• [Problem to solve]: Although the data below holds other lines too, output only those from the line with "BIRKENSTOCK ボストン 40 26.0cm 厚けれ ベージュ トープ" up to and including the line with "Modern Mixed Use", exactly as they appear.
:: Supplied information
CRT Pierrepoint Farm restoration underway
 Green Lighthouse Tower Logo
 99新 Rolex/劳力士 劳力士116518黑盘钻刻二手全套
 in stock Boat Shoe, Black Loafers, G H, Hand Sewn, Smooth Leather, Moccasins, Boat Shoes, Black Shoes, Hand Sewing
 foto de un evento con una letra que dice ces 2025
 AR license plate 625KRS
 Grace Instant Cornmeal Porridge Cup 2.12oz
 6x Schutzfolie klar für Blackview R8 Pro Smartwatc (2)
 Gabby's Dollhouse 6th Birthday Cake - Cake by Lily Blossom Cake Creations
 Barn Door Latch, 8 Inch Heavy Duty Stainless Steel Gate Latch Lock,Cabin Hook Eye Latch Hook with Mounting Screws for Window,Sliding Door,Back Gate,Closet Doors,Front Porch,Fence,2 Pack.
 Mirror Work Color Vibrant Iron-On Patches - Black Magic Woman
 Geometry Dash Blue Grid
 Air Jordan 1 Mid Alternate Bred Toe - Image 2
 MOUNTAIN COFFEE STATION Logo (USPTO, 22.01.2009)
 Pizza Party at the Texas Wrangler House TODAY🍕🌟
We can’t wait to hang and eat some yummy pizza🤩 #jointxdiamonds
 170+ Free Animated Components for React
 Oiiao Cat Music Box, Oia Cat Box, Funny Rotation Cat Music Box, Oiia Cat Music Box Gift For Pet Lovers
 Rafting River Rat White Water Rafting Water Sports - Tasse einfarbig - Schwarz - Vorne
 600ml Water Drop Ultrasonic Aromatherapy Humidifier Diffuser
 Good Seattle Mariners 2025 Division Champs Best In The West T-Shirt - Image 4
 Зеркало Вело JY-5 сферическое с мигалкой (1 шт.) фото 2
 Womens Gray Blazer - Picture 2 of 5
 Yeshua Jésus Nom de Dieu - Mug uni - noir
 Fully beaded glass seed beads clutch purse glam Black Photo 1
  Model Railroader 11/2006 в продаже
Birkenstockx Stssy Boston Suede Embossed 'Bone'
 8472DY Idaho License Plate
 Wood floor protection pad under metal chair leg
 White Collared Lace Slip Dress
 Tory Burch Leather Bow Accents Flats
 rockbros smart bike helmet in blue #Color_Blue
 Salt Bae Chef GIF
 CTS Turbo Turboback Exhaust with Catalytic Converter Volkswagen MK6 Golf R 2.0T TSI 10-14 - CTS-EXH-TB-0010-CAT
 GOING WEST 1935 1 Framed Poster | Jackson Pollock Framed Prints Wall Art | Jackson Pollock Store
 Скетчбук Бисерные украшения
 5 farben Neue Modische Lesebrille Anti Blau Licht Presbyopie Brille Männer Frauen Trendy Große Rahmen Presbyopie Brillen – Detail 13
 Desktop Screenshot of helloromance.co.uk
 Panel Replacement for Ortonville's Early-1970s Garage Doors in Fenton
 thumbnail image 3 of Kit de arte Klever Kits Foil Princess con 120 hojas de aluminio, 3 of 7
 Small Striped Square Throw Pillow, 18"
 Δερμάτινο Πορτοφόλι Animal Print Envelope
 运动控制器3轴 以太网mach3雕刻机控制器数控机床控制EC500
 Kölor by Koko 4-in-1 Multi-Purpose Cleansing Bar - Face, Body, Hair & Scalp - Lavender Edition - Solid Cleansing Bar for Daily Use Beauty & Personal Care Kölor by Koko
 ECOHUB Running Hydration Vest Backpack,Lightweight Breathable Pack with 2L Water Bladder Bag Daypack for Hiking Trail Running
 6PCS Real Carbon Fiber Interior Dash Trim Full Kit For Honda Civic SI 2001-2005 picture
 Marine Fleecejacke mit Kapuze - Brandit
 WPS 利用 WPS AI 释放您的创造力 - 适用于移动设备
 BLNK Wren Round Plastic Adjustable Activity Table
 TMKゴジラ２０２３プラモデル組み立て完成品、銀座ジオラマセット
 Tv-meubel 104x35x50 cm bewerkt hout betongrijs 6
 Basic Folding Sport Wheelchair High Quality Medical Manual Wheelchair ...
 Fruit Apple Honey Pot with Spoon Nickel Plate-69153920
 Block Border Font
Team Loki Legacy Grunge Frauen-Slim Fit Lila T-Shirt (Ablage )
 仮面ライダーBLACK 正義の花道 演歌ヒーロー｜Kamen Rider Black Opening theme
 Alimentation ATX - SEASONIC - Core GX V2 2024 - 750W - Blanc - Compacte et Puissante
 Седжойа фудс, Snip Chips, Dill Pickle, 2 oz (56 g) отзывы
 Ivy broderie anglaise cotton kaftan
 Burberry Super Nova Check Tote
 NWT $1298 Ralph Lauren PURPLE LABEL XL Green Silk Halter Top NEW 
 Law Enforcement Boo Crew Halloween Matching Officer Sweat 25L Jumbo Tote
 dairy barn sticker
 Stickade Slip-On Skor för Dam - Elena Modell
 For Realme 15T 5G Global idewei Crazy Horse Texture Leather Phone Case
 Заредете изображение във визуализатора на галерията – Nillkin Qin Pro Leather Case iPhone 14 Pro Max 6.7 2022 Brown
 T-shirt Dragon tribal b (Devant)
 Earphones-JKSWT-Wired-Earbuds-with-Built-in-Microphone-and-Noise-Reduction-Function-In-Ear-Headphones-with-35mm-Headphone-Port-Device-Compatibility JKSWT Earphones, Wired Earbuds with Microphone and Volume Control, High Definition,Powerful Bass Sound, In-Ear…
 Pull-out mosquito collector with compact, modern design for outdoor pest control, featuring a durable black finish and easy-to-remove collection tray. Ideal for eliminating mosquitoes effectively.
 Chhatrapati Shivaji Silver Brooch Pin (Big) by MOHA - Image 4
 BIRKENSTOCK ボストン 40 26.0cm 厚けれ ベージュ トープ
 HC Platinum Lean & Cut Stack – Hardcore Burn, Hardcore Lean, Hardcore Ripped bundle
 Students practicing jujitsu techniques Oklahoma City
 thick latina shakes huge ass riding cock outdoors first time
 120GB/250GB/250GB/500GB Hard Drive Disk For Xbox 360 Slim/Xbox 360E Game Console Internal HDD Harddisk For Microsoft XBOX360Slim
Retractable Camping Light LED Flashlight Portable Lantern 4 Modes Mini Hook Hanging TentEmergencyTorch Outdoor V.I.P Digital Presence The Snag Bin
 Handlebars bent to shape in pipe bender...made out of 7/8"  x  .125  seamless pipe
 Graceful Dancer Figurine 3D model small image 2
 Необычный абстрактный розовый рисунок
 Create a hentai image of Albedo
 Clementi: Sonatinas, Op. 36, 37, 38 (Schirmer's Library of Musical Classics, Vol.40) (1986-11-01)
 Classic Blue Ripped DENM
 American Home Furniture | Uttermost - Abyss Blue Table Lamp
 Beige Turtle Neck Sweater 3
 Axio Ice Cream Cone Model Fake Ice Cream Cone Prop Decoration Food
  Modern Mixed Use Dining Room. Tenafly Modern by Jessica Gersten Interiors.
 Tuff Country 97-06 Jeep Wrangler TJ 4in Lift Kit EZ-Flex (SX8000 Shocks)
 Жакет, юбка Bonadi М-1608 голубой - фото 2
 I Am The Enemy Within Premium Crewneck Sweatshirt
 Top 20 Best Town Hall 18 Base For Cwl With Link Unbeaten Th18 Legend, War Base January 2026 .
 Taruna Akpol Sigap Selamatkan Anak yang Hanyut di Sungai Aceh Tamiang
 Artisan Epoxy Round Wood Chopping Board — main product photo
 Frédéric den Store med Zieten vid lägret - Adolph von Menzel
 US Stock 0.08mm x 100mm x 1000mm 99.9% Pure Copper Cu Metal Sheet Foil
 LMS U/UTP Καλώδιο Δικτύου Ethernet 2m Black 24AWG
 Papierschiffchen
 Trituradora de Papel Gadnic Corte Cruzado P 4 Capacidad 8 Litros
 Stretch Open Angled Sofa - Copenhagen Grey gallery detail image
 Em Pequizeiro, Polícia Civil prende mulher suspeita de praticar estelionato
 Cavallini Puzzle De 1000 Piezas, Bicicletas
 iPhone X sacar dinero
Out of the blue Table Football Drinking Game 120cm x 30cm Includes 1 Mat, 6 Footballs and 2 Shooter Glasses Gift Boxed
::::
• [Result]:
 BIRKENSTOCK ボストン 40 26.0cm 厚けれ ベージュ トープ
 HC Platinum Lean & Cut Stack – Hardcore Burn, Hardcore Lean, Hardcore Ripped bundle
 Students practicing jujitsu techniques Oklahoma City
 thick latina shakes huge ass riding cock outdoors first time
 120GB/250GB/250GB/500GB Hard Drive Disk For Xbox 360 Slim/Xbox 360E Game Console Internal HDD Harddisk For Microsoft XBOX360Slim
Retractable Camping Light LED Flashlight Portable Lantern 4 Modes Mini Hook Hanging TentEmergencyTorch Outdoor V.I.P Digital Presence The Snag Bin
 Handlebars bent to shape in pipe bender...made out of 7/8"  x  .125  seamless pipe
 Graceful Dancer Figurine 3D model small image 2
 Необычный абстрактный розовый рисунок
 Create a hentai image of Albedo
 Clementi: Sonatinas, Op. 36, 37, 38 (Schirmer's Library of Musical Classics, Vol.40) (1986-11-01)
 Classic Blue Ripped DENM
 American Home Furniture | Uttermost - Abyss Blue Table Lamp
 Beige Turtle Neck Sweater 3
 Axio Ice Cream Cone Model Fake Ice Cream Cone Prop Decoration Food
  Modern Mixed Use Dining Room. Tenafly Modern by Jessica Gersten Interiors.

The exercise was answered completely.